## Problem description
For this exercise, copy exactly the lines below from the one with "Darcia monochrome knit" through the one with "PAY AS YOU GLOW: Sunrise" and leave out the pictures.

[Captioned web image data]
= = =

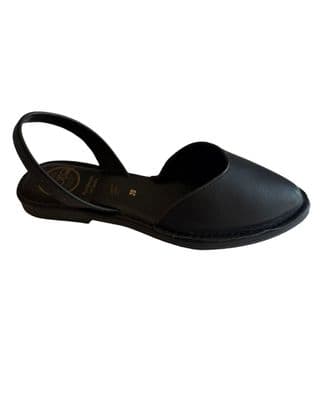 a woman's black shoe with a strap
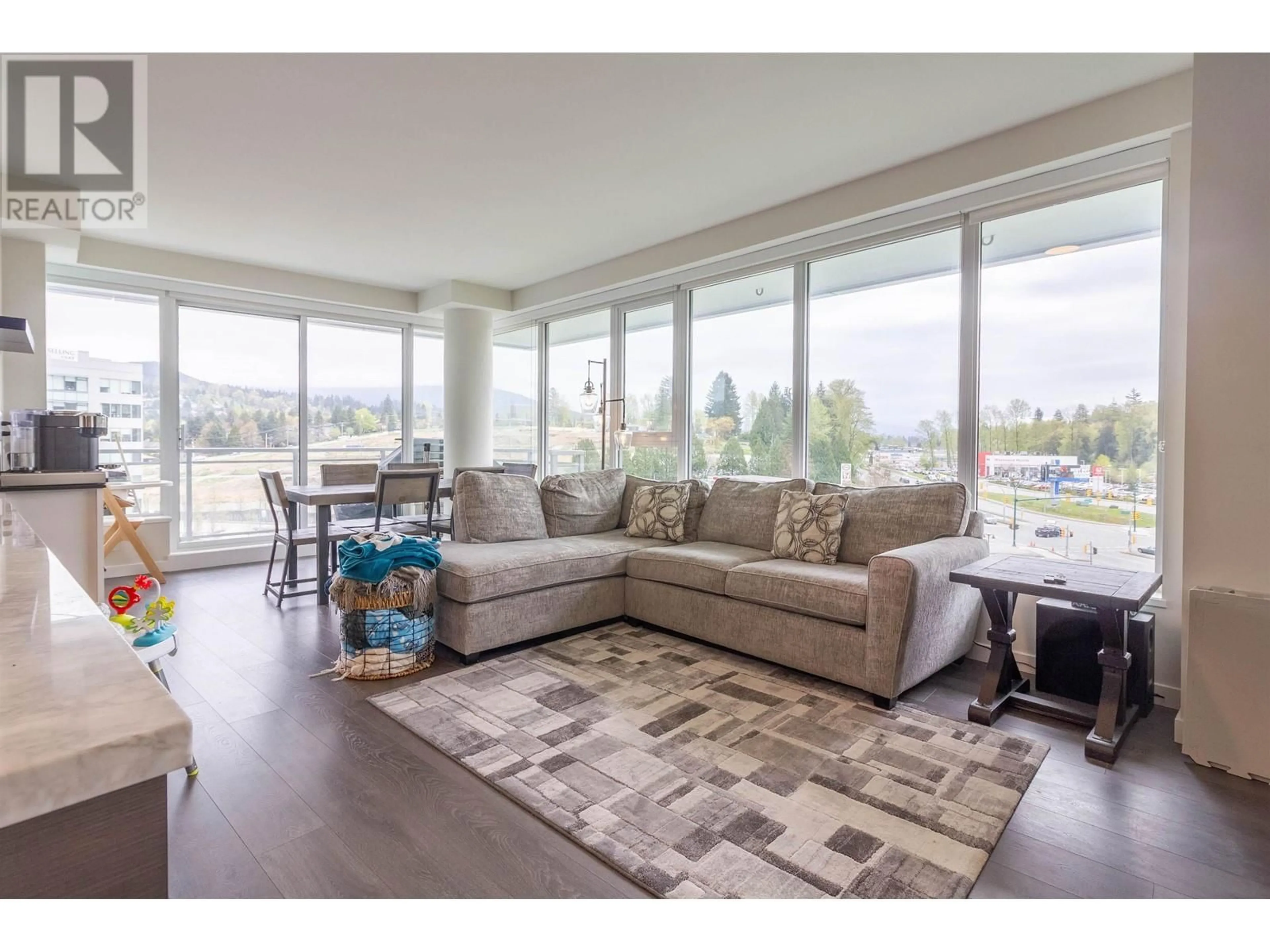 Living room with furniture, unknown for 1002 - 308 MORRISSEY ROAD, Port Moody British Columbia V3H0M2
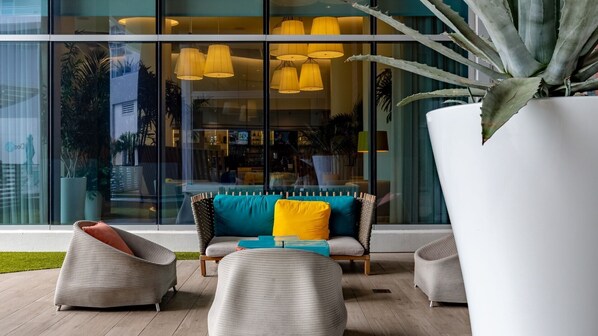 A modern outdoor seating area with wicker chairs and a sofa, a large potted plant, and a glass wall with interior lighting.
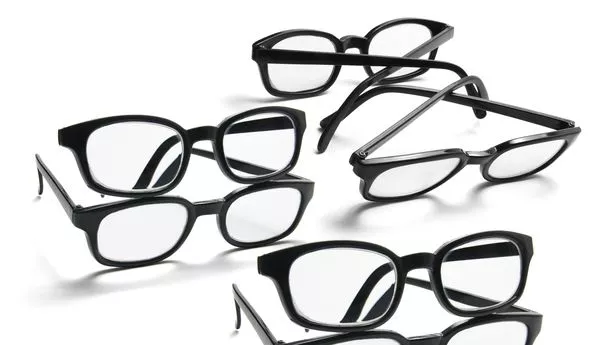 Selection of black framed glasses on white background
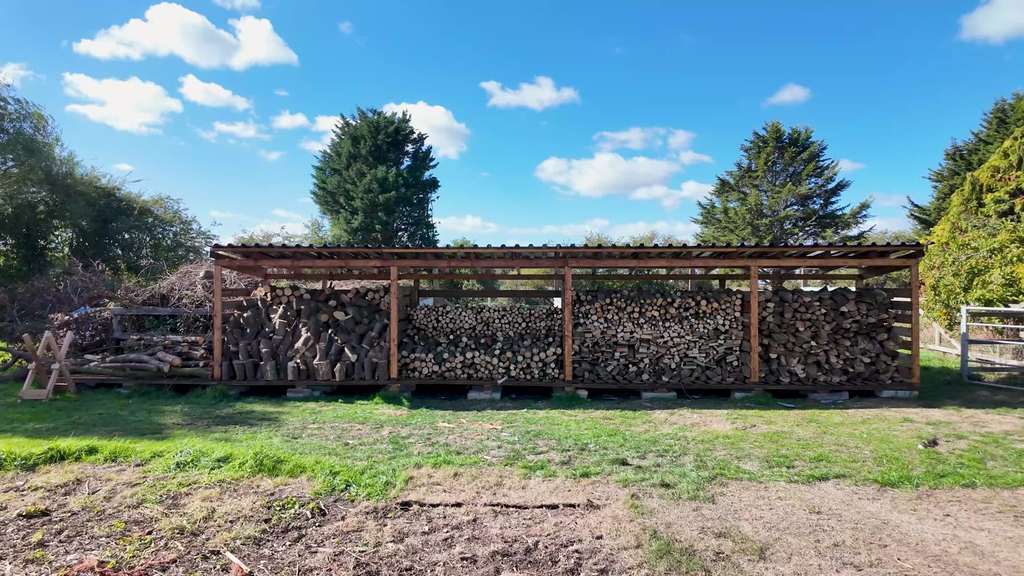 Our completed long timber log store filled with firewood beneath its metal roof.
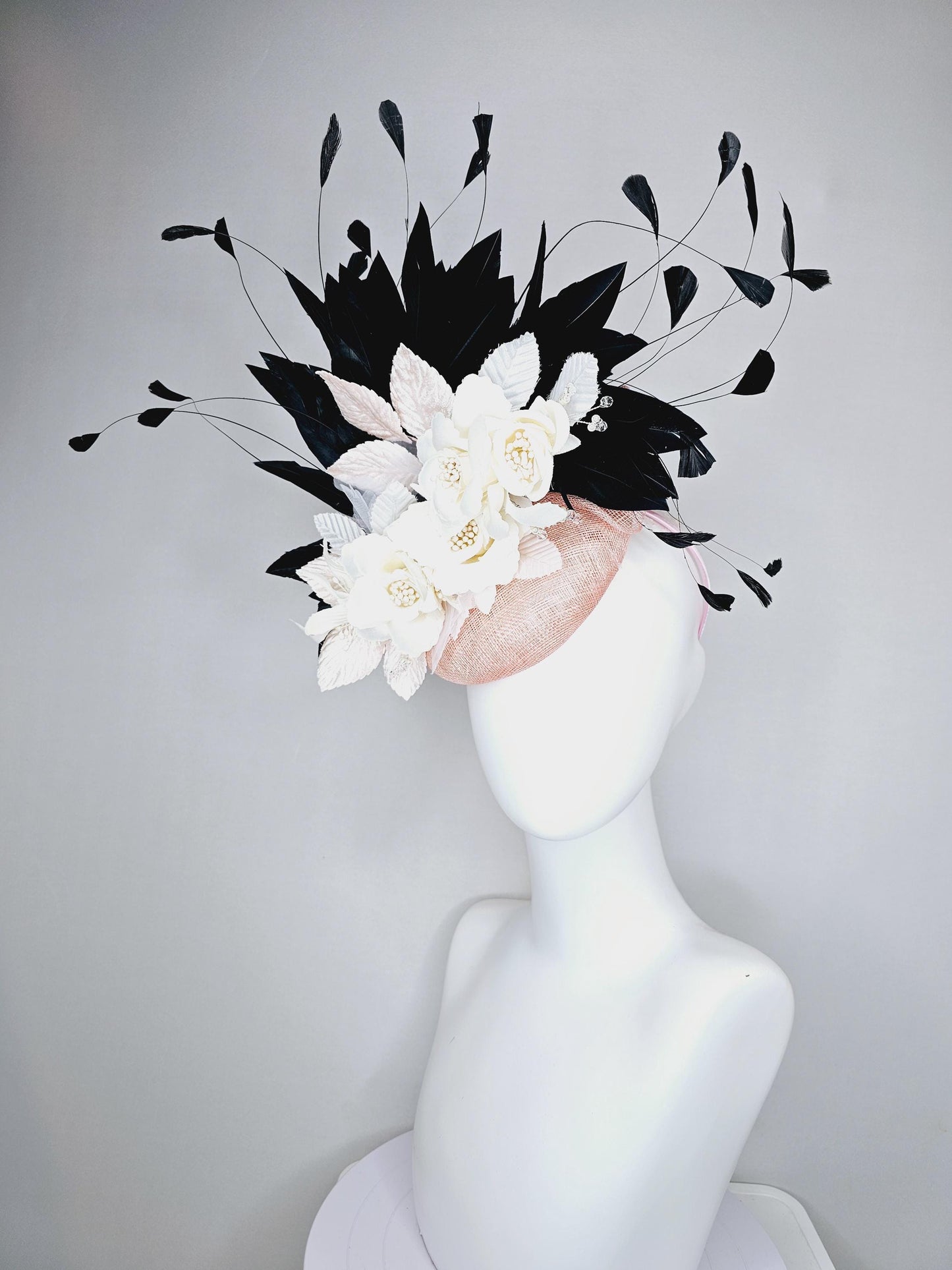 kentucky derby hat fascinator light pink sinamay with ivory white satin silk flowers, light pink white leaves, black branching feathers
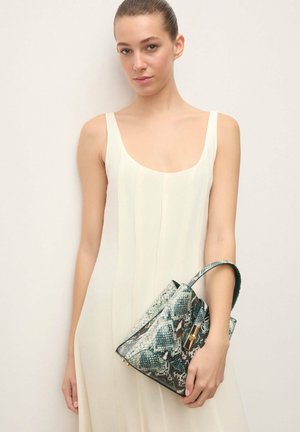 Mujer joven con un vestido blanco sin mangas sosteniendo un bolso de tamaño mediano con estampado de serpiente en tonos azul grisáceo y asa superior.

= = =

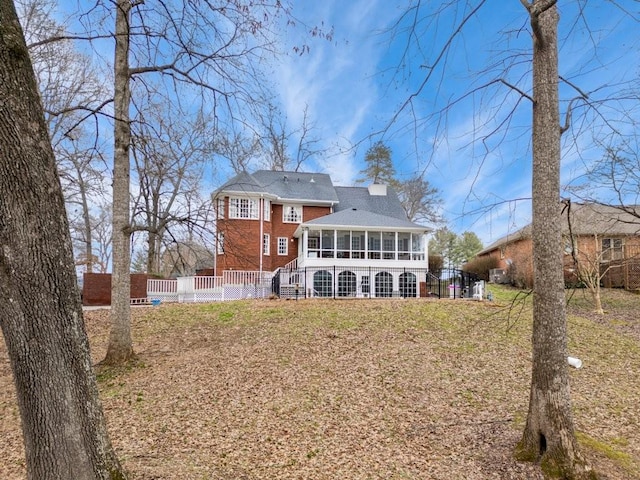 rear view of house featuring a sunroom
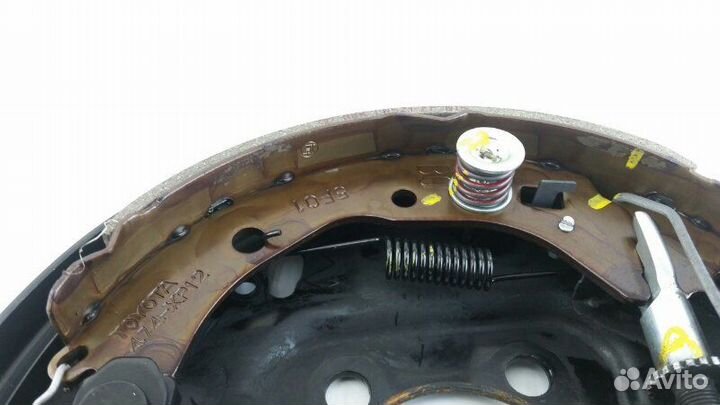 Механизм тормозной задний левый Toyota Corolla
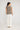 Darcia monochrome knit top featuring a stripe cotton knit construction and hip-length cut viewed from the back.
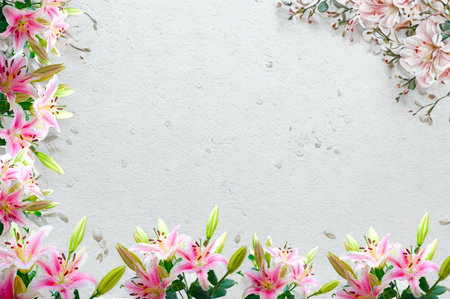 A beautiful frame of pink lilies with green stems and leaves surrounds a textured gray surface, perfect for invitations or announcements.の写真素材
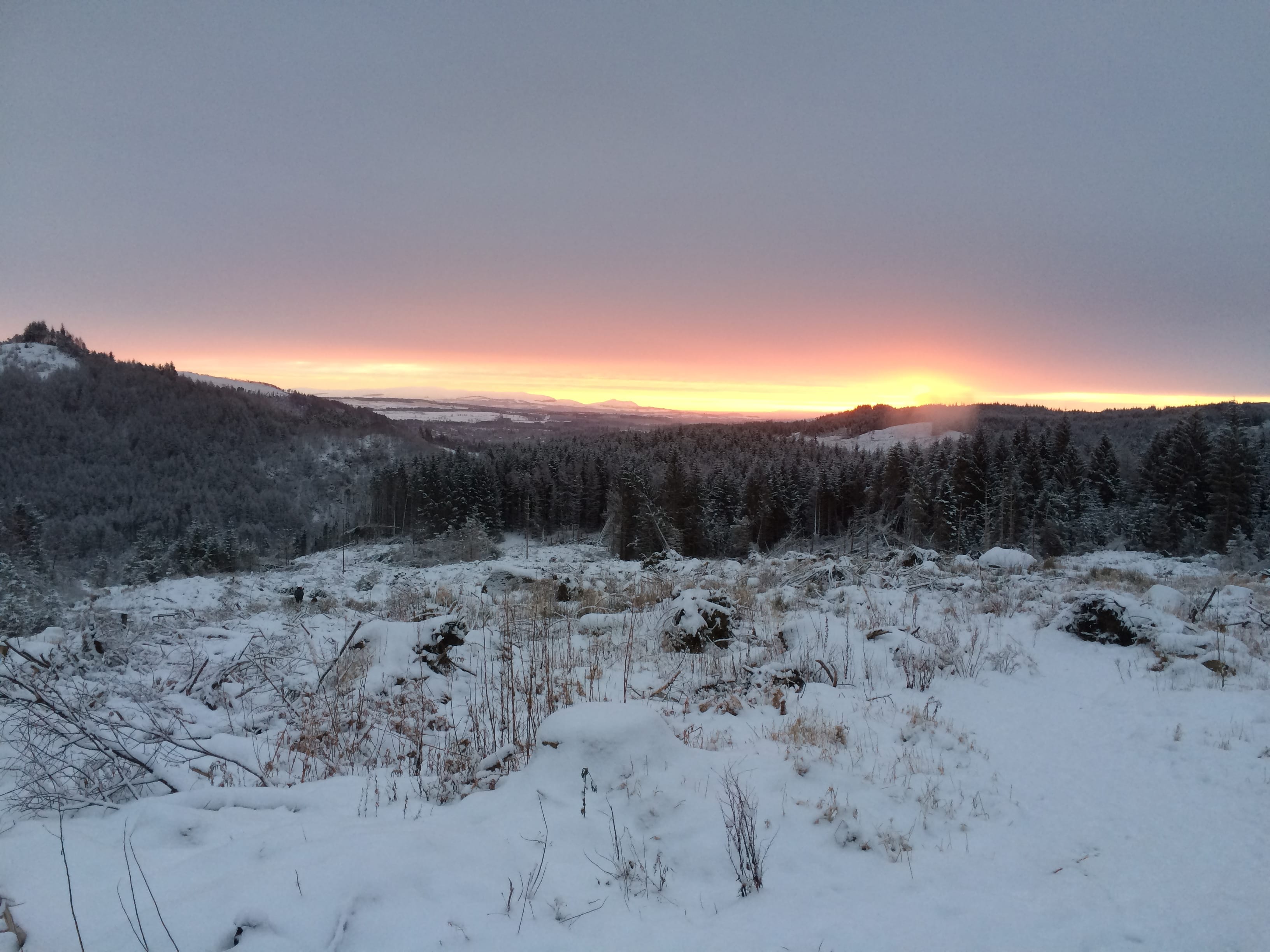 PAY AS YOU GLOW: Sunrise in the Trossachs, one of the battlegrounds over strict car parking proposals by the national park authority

= = =

## Answer area
 Darcia monochrome knit top featuring a stripe cotton knit construction and hip-length cut viewed from the back.
 A beautiful frame of pink lilies with green stems and leaves surrounds a textured gray surface, perfect for invitations or announcements.の写真素材
 PAY AS YOU GLOW: Sunrise in the Trossachs, one of the battlegrounds over strict car parking proposals by the national park authority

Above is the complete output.